Lawmakers were against this plan and slammed Agus’s proposal. They furiously insisted the shares must be acquired by West Nusa Tenggara’s local administration, which is supported by a joint venture of a business unit that is owned by Golkar’s Aburizal.

The Finance Minister vs. House lawmakers battle repeated again last week over debates on the fuel subsidy quota, in which Golkar lawmaker Melchias Markus Mekeng lambasted Agus and described him as ‘does not have the authority to dictate the House’.

The fact that many Golkar politicians dislike persons with integrity such as Agus Martowardojo, Sri Mulyani, or even Trade Minister Mari Elka Pangestu (a Golkar lawmaker once uttered a racist statement and baseless accusation against her) is very much incomprehensible. For neutral political observers, it could only show that the party’s ideology is more about power and money, not the advancement of Indonesia to become a better nation.

Besides, if Golkar’s politicians and President Yudhoyono really care about Indonesia, they should understand that the timing of Agus’s exit could not be worse than now.

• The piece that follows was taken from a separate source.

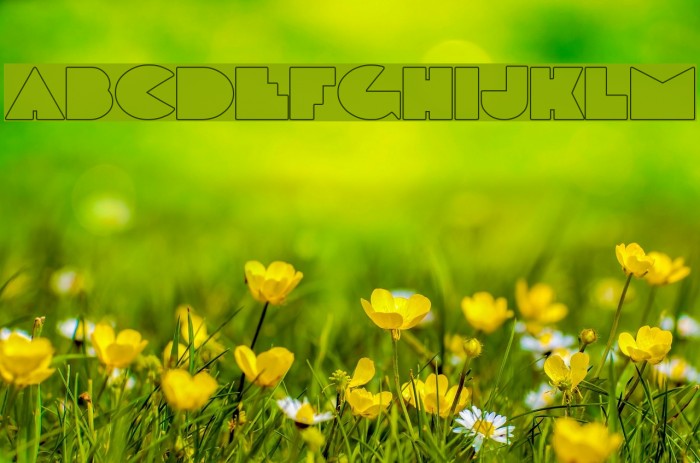 DeLarge Outline Font examples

On Thursday last week, President Yudhoyono stated that he “would focus the next cabinet reshuffle to harness global economic challenges”. In truth, his decision to eject Agus from the Finance Minister chair would prove otherwise.

It is no exaggeration to say that if the current situation remains unchanged, we could bump into one of the world’s biggest economic crises next year. The European and American politicians are particularly responsible for the mess: Eurozone leaders are yet to reach agreement on what to do with their problematical currency, while the Republicans and Democrats legislators in United States are busy scuffling for their respective interests for the 2012 elections rather than controlling the country’s soaring fiscal burden.

Consequently, investors were scared off by recent developments in the West and symptoms of worldwide-scale economic crisis started to surface In Indonesia in the last few months. The once-strong rupiah –which once touched the level of 8,650 against the US dollar on August– has been under heavy pressure lately, while the Indonesian Stock Exchange index has plunged from the psychological level of 4,000 to 3,200 in a very short period.

By the time the crisis turns from symptoms into veracity next year, there is no doubt that the leadership of Agus –a former top dog CEO who successfully transformed Bank Mandiri to become one of Indonesia’s largest banks during the global financial fiasco– would be sorely missed.

There are signs that President Yudhoyono would try to minimize the issue by not ousting Agus at the upcoming reshuffle, but merely moved him to other ministerial post, such as the Investment Coordinator Board to replace Gita Wirjawan.

But this strategy makes little sense for two reasons. The first is the fact that the Finance Minister post is very vital, and there is no doubt that our current Finance Minister, who is a highly respected figure among investors and the global economic community, is among the few persons –if not only– capable for the job

The second is moving Agus Martowardojo to other ministerial posts is the same analogy with a football manager who plays his tough centre-back as forward.

In other words, Mr. President: It's like you have the best defender in disposal, yet you still leave a huge loophole in your defensive line as you give the crucial centre-back position to a less capable player.